Honest trade advocacy is not preaching the virtues of free trade to the world, and then agreeing to an elaborate web of safety nets to mitigate its presumed damage. It is not actively pursuing worldwide steel capacity reduction, while subsidizing U.S. producers with import barriers. It is not lambasting European and Japanese farm policies, then lavishing America’s bloated agro-businesses with massive subsidies. It is not acknowledging the connection between economic stagnation and terrorism, and then refusing to liberalize market access to Pakistani apparel exports. It is not endorsing the idea that workers who lose their jobs because of trade are more important than those who lose their jobs to domestic competition, technology gains or bad corporate governance. It is not promoting trade as a means for developing nations to develop, and then making it harder for them to export their most competitive products. These actions foster legitimate doubts, here and abroad, about the benefits of free trade.

The slope is steeper now, but all is not lost. It is incumbent upon President Bush and his trade representative, Robert Zoellick, to not only pursue and secure trade deals, but to blaze a trail that enables trade advocates to take the offensive. The central question of trade policy must be: Why should we barricade our markets and expose our businesses and consumers to higher prices and limited choices? Not: Why should we dismantle our trade barriers and expose our producers to foreign competitors? Protection of domestic industries is not an entitlement. It is costly and should be the remote exception.

Bush and Zoellick must argue the facts and be willing to engage dissent: Open economies are substantially more prosperous than closed ones; strong import growth is a sign of economic strength, not weakness; countries must export to afford our own exports; industries like textiles and sugar are not entitled to their perennial protection, which taxes America’s poorest families most adversely; workers who lose jobs because their industries are not competitive internationally, and who seek reemployment, usually find higher paying jobs in other industries before their unemployment insurance expires; steel tariffs imposed last March had nothing to do with dumping or “unfair” trade; trade agreements don’t degrade the environment; current antidumping regulations are blatantly protectionist and must be revised, and on and on. The facts are in the public domain. The facts are on their side. The record must be set straight once and for all.
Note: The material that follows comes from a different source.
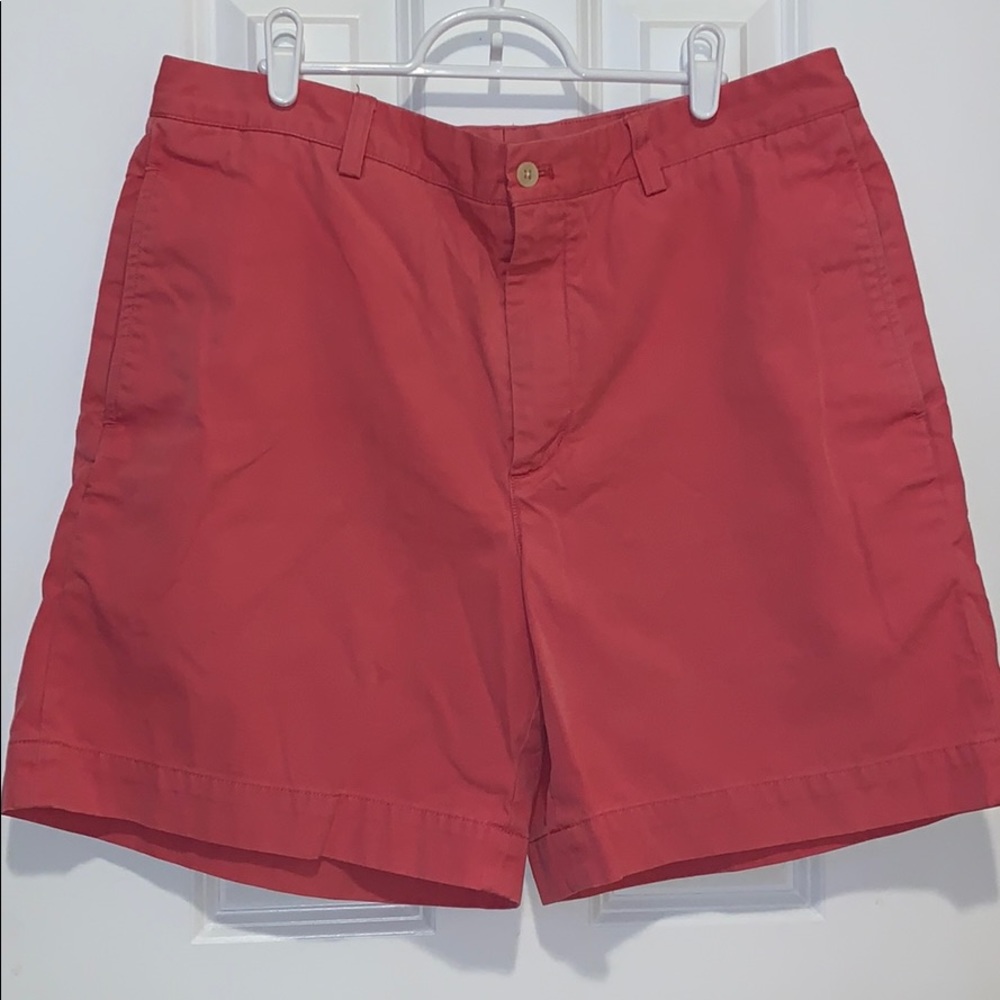 Men’s Vineyard Vines Nantucket red shorts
They should not shy away from debate on these issues. Attempting to sweep criticism under the rug by lavishing subsidies or granting exemptions only ensures that the problems will fester and resurface. They must discredit the charlatanism of reckless professional protest groups like Global Trade Watch, which desperately attempts to equate trade agreements with perquisites for white-collar criminals. They must challenge hardcore protectionists like Robert Byrd (D‑WV) who is incapable of admitting that factors other than imports have led to a reduction in the size of the steel industry. They must compel the casual protectionists in Congress to do their jobs better and read beyond the executive summaries into the facts and the arguments, so they can see for themselves that the rhetoric of “level playing field” and “unfair trade” are nothing more than populist smokescreens for traditional protectionism.

Until the terms of the debate are wrested from trade’s detractors, advocacy of trade liberalization will have a defensive tone. The process of securing TPA ignored this requirement. That must change starting now.